5 thoughts on “Time according to Advaita

  1. Dennis,

    This is an absolutely brilliant post, but coming from me that may be a disqualification, heh, heh.

    The noun and the adjective are switched through a kind of “optical delusion of perception” as the great elder might have put it (A. E.)


  2. Shriharsha was a brilliant 12th-century Advaitin who dealt at length with the concept of time in his philosophical treatise, the ‘Khandanakhandakhadya’. Here’s the link to a chapter from the book “Space, Time and the Limits of Understanding” which examines his views of time vis-a-vis the Nyaya’s.
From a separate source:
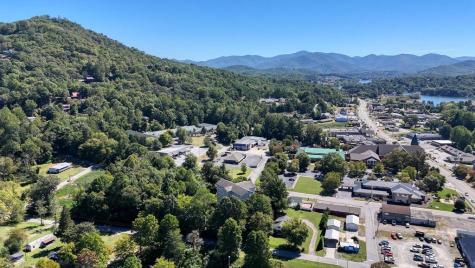 121 River Street Hiawassee GA 30546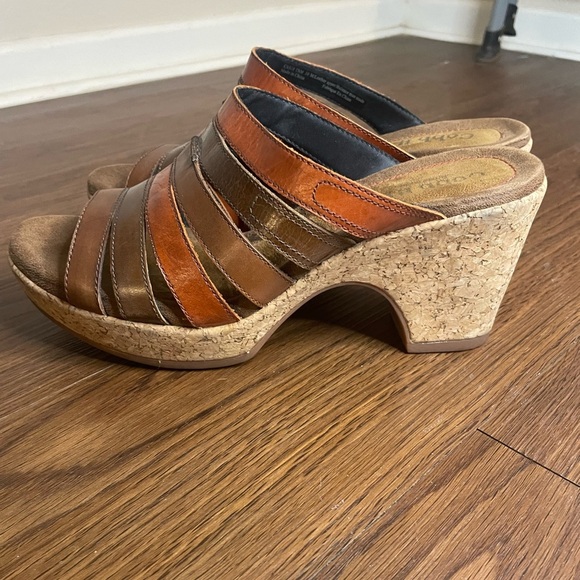 Cobb Hill Leather Mule Heels • Brown Tan Strappy Comfort Slides • Size 10 - Picture 3 of 7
The chapter also examines the views of time of two other eminent philosophical Advaitins, Citsukha and Madhusudana Sarasvati.


    For a comprehensive review of the subject I recommend Anindita N. Balslev’s “A Study of Time in Indian Philosophy” which is available free online at:


    Her work discusses the different interpretations of time in the classical systems. The author focusses on Sankya, Nyaya-Vaisheshika, Jainism, Advaita-Vedanta and the main systems of Buddhist philosophy. Time in classical Indian philosophy always seems to be “objective”, i.e. phenomenal time, its ontological status being closely connected with the ontological status given to the phenomenal world. Therefore the implications of any concept of time can be analyzed best by a careful examination of the system’s concept of causality. This analysis covers five of the book’s eight chapters.

  3. Thank you Shishya – praise indeed! 😉

    Thanks, Rick. Those references look excellent. Now I will have to add ‘Time’ to the topics for Vol. 3 of ‘Confusions’!

    Can I ask how you tracked them down? Did you know them off the top of your head (impressive memory!), use Google very intelligently or have some other ‘secret’ method?

    As you can imagine, I am constantly trying to track down references. My methods are:
    1) reading a book cover to cover (ish) and making marginal notes which I may (or more often may not) sort by topic and write up subsequently;
    2) looking in a book’s index (which are rarely very good);
    3) for electronic material, I use an old version of desktop Dtsearch which I managed to get working on Windows 10 (the up-to-date version is ridiculously expensive).

  4. Hi Dennis,

    Balslev’s book I already had in my cauldron. I became interested years ago in the Indian concept of time after reading J. M. E. McTaggart’s mind bending “The Unreality of Time”. I wanted to know what the classical thinkers had to say on this perplexing subject but didn’t know where to look. So I bought and read Balsley’s overview. I perused it again after reading the AV post and looked online for recent relevant articles on the Advaitins’ views mentioned in the book. Hence the fine piece on Shriharsha et al.